4 HASHING-BASED DISTRIBUTED CLUSTERING

In this section, the HBDC algorithm is presented. Consider a situation that the whole system consists of a global site and $M$ sub-sites. The total data that need to be clustered are stored in $W$ sub-sites dispersedly $\mathcal{X}=\cup_{m=1}^{M}\mathcal{X}_{m}$ . The local data in the $m$ th sub-site are $s$ -dimensional vectors $\mathcal{X}_{m}=\{\textbf{x}_{i}^{m}\in\mathbbm{R}^{D}\}_{i=1}^{V_{m}}$ , where ${V_{m}}$ donates the number of samples stored in the $m$ th sub-site. As presented in Fig. 1, HBDC aims to cluster data in three steps:

1)

The global site broadcasts an initiative hashing network to all the sub-site. In each sub-site, a batch of samples is selected for the local training of the hashing network.
2)

The parameter gradients of the network are sent to the global site, and then the global site upgrades the hashing network by merging all gradients. The first two steps repeat $N$ times until the convergence.
3)

The sub-sites use the hashing network to convert local data into hash codes, and then the codes and their degrees (i.e., the number of samples each code represents) are sent to the global site. A graph is generated with hash codes as its vertices. Thus the clustering problem can be converted into a graph-cutting problem. Based on graph theory, the graph is cut by a normalized-cut method.
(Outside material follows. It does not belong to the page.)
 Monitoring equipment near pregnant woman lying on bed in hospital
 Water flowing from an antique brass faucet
The following subsections discuss the distributed training of hash function and the hash code clustering in terms of details and analysis.

4.1 Distributed Training of Hash Function

Unlike existing DH methods, the overall hash function for distributed clustering cannot be trained in a single machine, which means that the overhead during the training process must be considered. The transmission cost for training can be calculated as:

C_{t}=M\times|\Theta|\times 2N\times 32\;(bit),

(1)

where $|\Theta|$ donates the number of parameters of hashing network, $N$ donates the number of iterations in the training process and a float32 data accounts for $32$ bits. $2N$ contains data transmitted in unlink and downlink communication. For simplicity, this research does not consider quantization techniques of parameters for cost reduction[36][37]. All network parameters are transmitted as original float32 datatype.
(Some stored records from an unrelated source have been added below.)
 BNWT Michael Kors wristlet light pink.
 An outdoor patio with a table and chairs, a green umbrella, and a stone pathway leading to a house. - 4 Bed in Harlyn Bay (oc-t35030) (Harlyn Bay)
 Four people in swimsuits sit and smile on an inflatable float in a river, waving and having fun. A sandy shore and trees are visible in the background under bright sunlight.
To limit the cost, we need to reduce the number of network parameters and accelerate the convergence. Centralized DH methods usually use complex networks with over millions parameters to achieve promising performance, such as ResNet50[38], while distributed training of these networks can result in enormous communication cost. Thus, in this paper, more slight and compact networks are used as hashing networks.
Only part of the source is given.